The FIFA decision was preceded by a similar ruling from the Kuala Lumpur-based AFC, which said Lai has been " provisionally suspended from football with immediate effect under the AFC's disciplinary and ethics code".
Lai's case is particularly significant as it represents the first time the US-led investigation into football-related corruption has extended beyond the Americas. It is also the DoJ's first new guilty plea for a year, which suggests the inquiry is not being wound down just yet, as some close observers have speculated.
But most important of all are the details of Lai's case as they clearly implicate former FIFA vice-president and AFC president Mohamed Bin Hammam.
The Qatari was banned for life by FIFA in 2011 for allegedly trying to bribe members of the Caribbean Football Union to vote for him against incumbent Sepp Blatter in the upcoming FIFA presidential elections.
With Bin Hammam out of the frame, Blatter would eventually win a fourth term unopposed. The Qatari would overturn that life ban at the Court of Arbitration for Sport in 2012, only to receive another FIFA life ban for AFC-related corruption.
Lai pleaded guilty to receiving USD 100,000 (£77,000) from an individual the DoJ described as "an official of the AFC who was then running for the FIFA presidency" in exchange for his vote.
The DoJ statement continues by saying Lai also received over USD 850,000 (£658,000) between 2009 and 2014 from a " faction of soccer officials in the AFC region" for his support.
Acting US attorney for the Eastern District of New York, William F. Sweeney Jr, said: "Today's plea marks another important step in our ongoing effort to root out corruption in international soccer.
"The defendant abused the trust placed in him as a soccer official in order to line his own pockets, and now he will be held to account.
"The defendant's breach of trust was particularly significant given his position as a member of the FIFA audit and compliance committee, which must play an important and independent role if corruption within FIFA is to be eliminated."
In total, the US investigation has led to more than 40 football officials and businessmen being charged, with 21 now pleading guilty and paying huge fines. Lai, for example, agreed to forfeit USD 1.1million (£850,000).
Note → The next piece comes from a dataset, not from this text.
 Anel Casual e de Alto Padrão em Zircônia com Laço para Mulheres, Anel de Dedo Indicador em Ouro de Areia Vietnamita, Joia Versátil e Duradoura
News of Lai's plea came on the same day French newspaper Le Monde reported that the French authorities have now joined their American, Australian, German and Swiss counterparts in investigating the bidding contests for the 2018 and 2022 World Cups, won by Russia and Qatar respectively.
FIFA meets for its 67th Congress in Bahrain on May 11.
In a statement released by FIFA, its president Gianni Infantino thanked " the American authorities for their continued efforts to stamp out corruption from football, which is also the top priority of the new leadership of FIFA".
The Swiss-Italian stated that FIFA has been "fully supportive" of the US investigation since he took over at the Zurich-based governing body in March 2016.
"I am happy to confirm once again that FIFA will provide whatever assistance is needed by the US and any other authorities around the world, as FIFA continues in its efforts to ensure global football is based on good governance, integrity, transparency and accountability," he added.
But within an hour of Infantino's statement about Lai, FIFA's ethics committee had another corruption case to announce, this time involving Gordon Derrick, the current president of the Caribbean Football Union (CFU).
Also general secretary of the Antigua and Barbuda FA, Derrick succeeded the notorious Jack Warner as boss in 2012 and was re-elected last year.
Now, however, Dr Cornel Borbely, FIFA's chief ethics investigator, is recommending a ban of no less than four years and a fine of at least 15,000 Swiss francs (£11,700). Borbely's investigation will now be reviewed by ethics committee chairman Hans-Joachim Eckert.
Derrick - who was blocked from running for president of the Confederation of North, Central America and Caribbean Association Football (CONCACAF) last year - is accused of conflicts of interest, offering and accepting gifts, mismanagement of funds, abuse of position and disloyalty.
He has already been reprimanded once by FIFA for his minor role in the CFU cash-for-votes scandal in the run-up to the 2011 FIFA presidential election.